Extracting Meaningful Data from Decomposing Bodies

Alison Langmead, Paul Rodriguez, Sandeep Puthanveetil Satheesan, and Alan Craig

Decomposing Bodies (https://sites.haa.pitt.edu/db/) is a large-scale, lab-based, digital humanities project housed in the Visual Media Workshop at the University of Pittsburgh that is examining the system of criminal identification introduced in France in the late 19th century by Alphonse Bertillon. Bertillon, the French criminologist, statistician, and inventor, developed this practice by using anthropometrical measurement to classify human beings on individual standardized cards (see figure 1). Each card used a pre-established set of eleven anthropometrical measurements (such as height, length of left foot, and width of the skull) as an index for other identifying information about each individual (such as the crime committed, their nationality, and a pair of photographs). “Bertillonnage,” as this system is commonly known, was the first measurement-based, state-controlled system used for criminal identification.

Schermafbeelding 2017-06-24 om 16.54.47

Currently, to study the data contained by these cards in bulk, it is necessary to rely on the time-consuming process of manual transcription. Many of the research goals of Decomposing Bodies would clearly benefit from a complete transcription of these handwritten records, a task which might be efficiently done by computer automation. This process, however, is not only highly-computationally expensive, but one that involves much high-level system training and machine learning skills. To try to approach the problem of data extraction from this angle, therefore, a collaboration between the Pittsburgh-based Decomposing Bodies team and a computer-science-focused XSEDE/ECSS team was formed (for more on XSEDE, please see: https://www.xsede.org/home).
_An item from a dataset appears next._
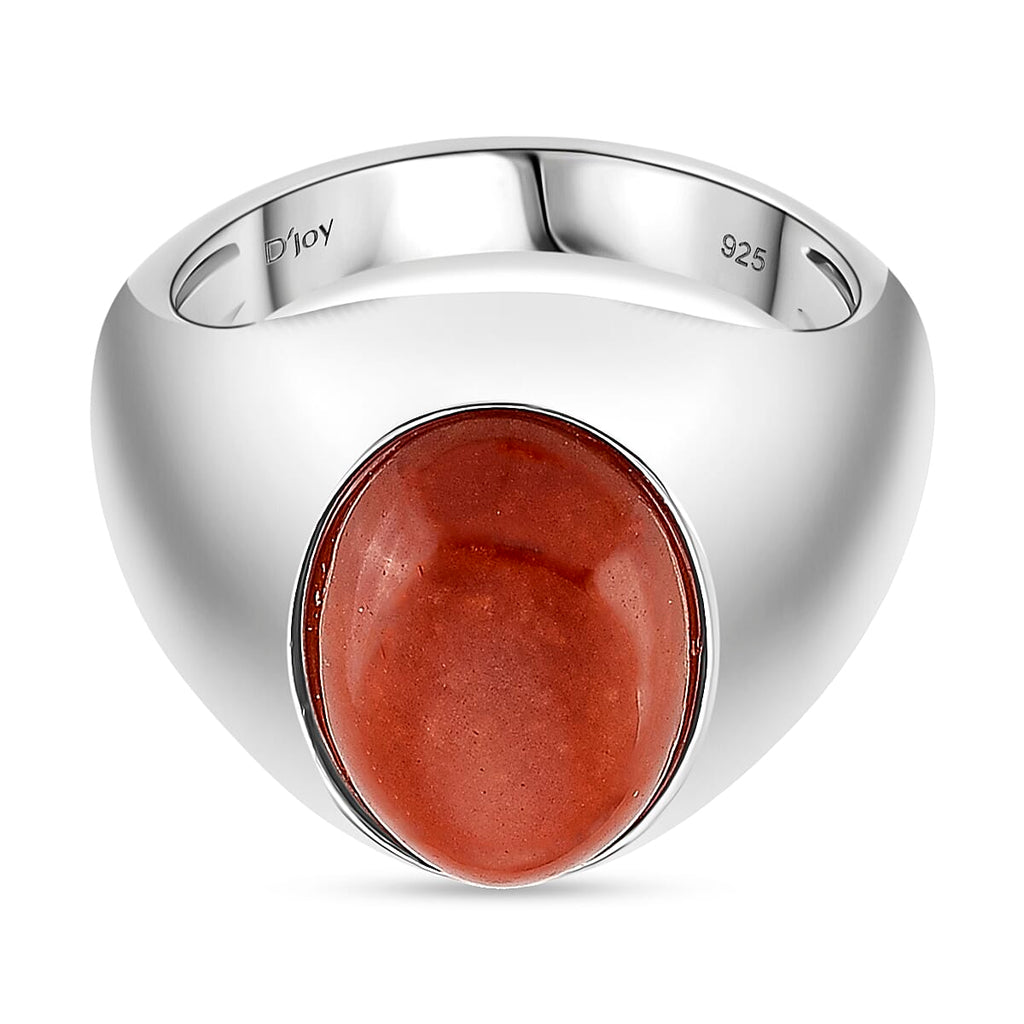 D'Joy Enhanced Red Jade Solitaire Ring in Rhodium Overlay Sterling Silver 6.84 Ct, Silver Wt. 5.20 Gms._8258569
This collaboration worked together for approximately two years on an end-to-end system for extracting handwritten text and numbers from scanned Bertillon cards in a semi-automated fashion. To the best of our knowledge, this was the first project to attempt to automate Bertillon card analysis through the application of standard image analysis tools and methods for field segmentation and denoising, as well as the use of machine learning techniques that have shown some success for recognition of handwritten printed digits or words. Such a system would enable historians and humanities researchers to study the data produced by the Bertillon System with ease. At this talk, we will present our current results on performing document analysis on a selected set of scanned Bertillon cards from the Ohio State Reformatory and Ohio Penitentiary, a process that demonstrated both successes and disappointments. In addition, we will contribute a number of thoughtful reflections on the inner workings of this collaboration from both the technologists’ and the digital humanist’s points-of-view.